Exercise data:
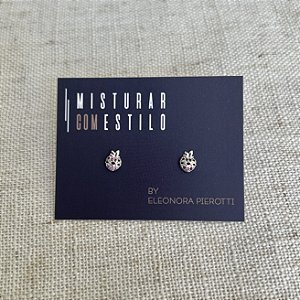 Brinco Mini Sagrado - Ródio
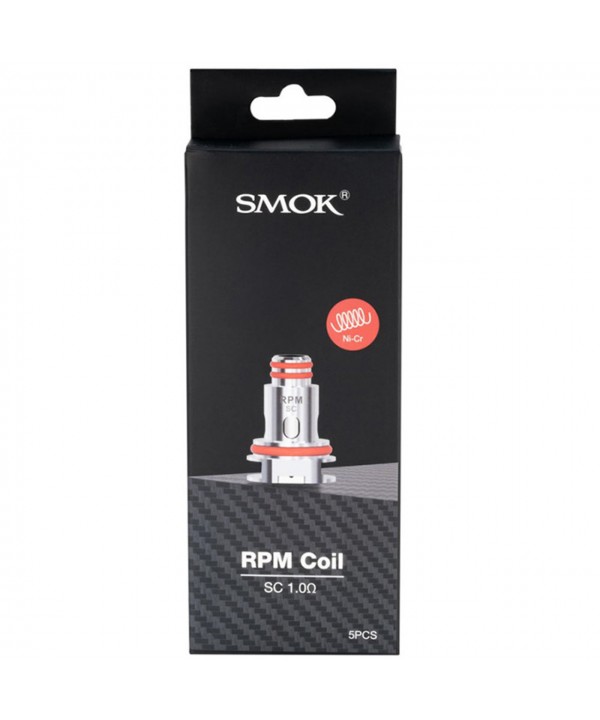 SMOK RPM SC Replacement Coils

--

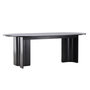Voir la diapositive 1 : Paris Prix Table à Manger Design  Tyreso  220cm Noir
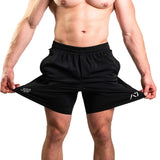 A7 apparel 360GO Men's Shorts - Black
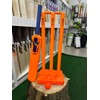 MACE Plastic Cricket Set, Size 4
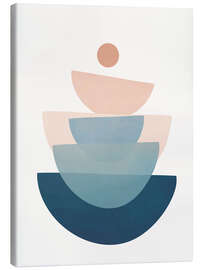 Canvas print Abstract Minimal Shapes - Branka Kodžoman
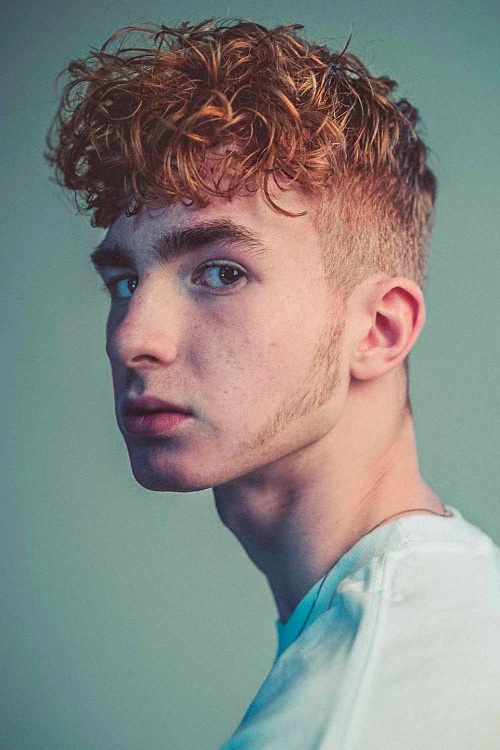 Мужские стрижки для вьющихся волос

Aim of the exercise:
Transcribe the lines above exactly, beginning at the one with "Brinco Mini Sagrado - Ródio" and ending at the one with "SMOK RPM SC Replacement Coils". Include both; exclude the pictures.

Task answer:
 Brinco Mini Sagrado - Ródio
 SMOK RPM SC Replacement Coils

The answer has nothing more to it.